The fluorine-containing cyclic carbonate represented by general formula (1) does not have any hydrogen atom on the carbon at position 4 or 5. Therefore, there is no mechanism for allowing fluorine atoms on the carbons at positions 4 and 5 to be eliminated as HF. Thus, a compound having a carbon-carbon double bond on the cyclic carbonate skeleton and thus having a low oxidation resistance is not generated. Hence, no gas is generated.

In general formula (1), R₁ through R₄ are independently a fluorine atom or an alkyl group. The alkyl group may be a methyl group or an ethyl group having a carbon number of 1 or 2. In the case where the alkyl group has a carbon number of 3 or more, the molecular weight is large, and thus the diffusion rate of the fluorine-containing cyclic carbonate is decreased. This raises the liquid viscosity, and decreases the ion conductivity and the impregnability to the inside of the electrode. For these reasons, a cyclic carbonate represented by general formula (1) including an alkyl group having a carbon number of 3 or more is not preferable as a nonaqueous solvent for an electricity storage device.

In the case where two or more among R₁ through R₄ in general formula (1) are independently a methyl group or an ethyl group, all of R₁ through R₄ may each be a methyl group or all of R₁ through R₄ may each be an ethyl group. Alternatively, R₁ through R₄ may contain both of a methyl group and an ethyl group.
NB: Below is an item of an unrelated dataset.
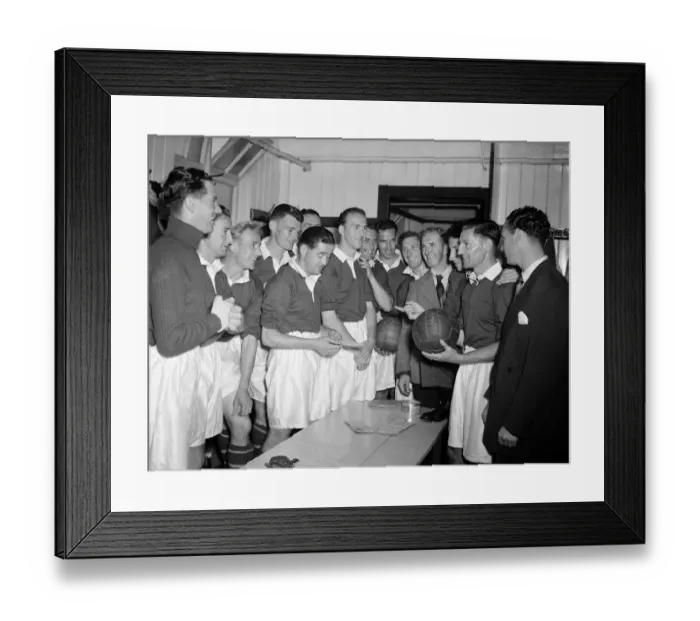 Framed Print : English Division 3 South. Gillingham 0-0 Colchester United Framed Print : English Division 3 South. Gillingham 0-0 Colchester United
Specific examples of the solvent having the molecular structure of general formula (1) include 4,4,5-trifluoro-5-methyl-1,3-dioxorane-2-one, 4,4-difluoro-5,5-dimethyl-1,3-dioxorane-2-one, 4,4-difluoro-4,5-dimethyl-1,3-dioxorane-2-one, 4-fluoro-4,5,5-trimethyl-1,3-dioxorane-2-one, 4,4,5-trifluoro-5-ethyl-1,3-dioxorane-2-one, 5-ethyl-4,4-difluoro-5-methyl-1,3-dioxorane-2-one, 5,5-diethyl-4,4-difluoro-1,3-dioxorane-2-one, 4-ethyl-4,5-difluoro-5-ethyl-1,3-dioxorane-2-one, 4-ethyl-4,5-difluoro-5-ethyl-1,3-dioxorane-2-one, 4,5-diethyl-4,5-difluoro-1,3-dioxorane-2-one, 4-ethyl-5-fluoro-4,5-dimethyl-1,3-dioxorane-2-one, 5-ethyl-5-fluoro-4,4-dimethyl-1,3-dioxorane-2-one, 4,4-diethyl-5-fluoro-5-methyl-1,3-dioxorane-2-one, 4,5-diethyl-5-fluoro-4-methyl-1,3-dioxorane-2-one, 4,4,5-triethyl-5-fluoro-1,3-dioxorane-2-one, and the like.
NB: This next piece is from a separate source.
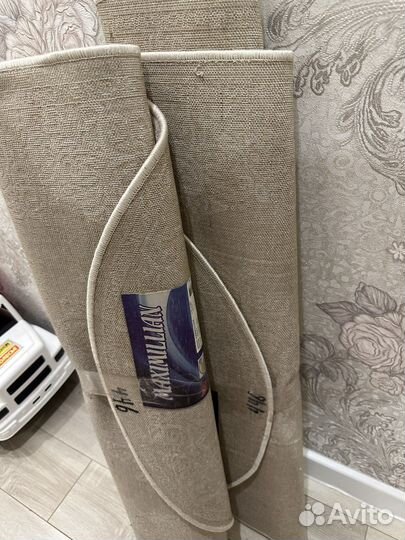 Новый Ковер турецкий с прикроватными ковриками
The fluorine-containing cyclic carbonate represented by general formula (1) is increased in oxidation resistance as the number of fluorine atoms in a molecule is increased. Therefore, when a high oxidation resistance is required, a compound including three fluorine atoms may be used among the above-listed compounds. However, as the number of fluorine atoms in a molecule is increased, the reduction resistance is decreased. Therefore, in the case where an electricity storage device is constructed using a compound including three fluorine atoms in a molecule, among the fluorine-containing cyclic carbonates represented by general formula (1), as a nonaqueous solvent for the electricity storage device, a negative electrode active material may be a material having a redox reaction potential higher than the standard redox potential of lithium, for example, lithium titanate.
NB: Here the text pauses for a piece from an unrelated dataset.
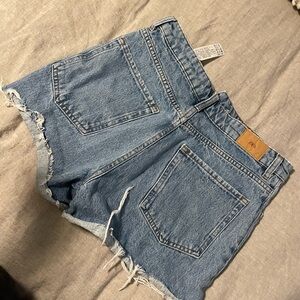 Super cute Zara ripped shorts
For the above-described reasons, among fluorine-containing cyclic carbonates represented by general formula (1), a fluorine-containing cyclic carbonate containing two fluorine atoms in a molecule, namely, a fluorine-containing cyclic carbonate in which two of R₁ through R₄ are fluorine atoms and the remaining two of R₁ through R₄ are each a methyl group or an ethyl group, has a splendid oxidation resistance and also has a splendid reduction resistance owing to having an appropriate electron density on the cyclic carbonate skeleton. Such a fluorine-containing cyclic carbonate is suitable as a nonaqueous solvent for various types of electricity storage devices. Specifically, a nonaqueous solvent for an electricity storage device in this embodiment may include 4,5-difluoro-4,5-dimethyl-1,3-dioxorane-2-one, which has a splendid chemical stability and a good balance between the oxidation resistance and the reduction resistance.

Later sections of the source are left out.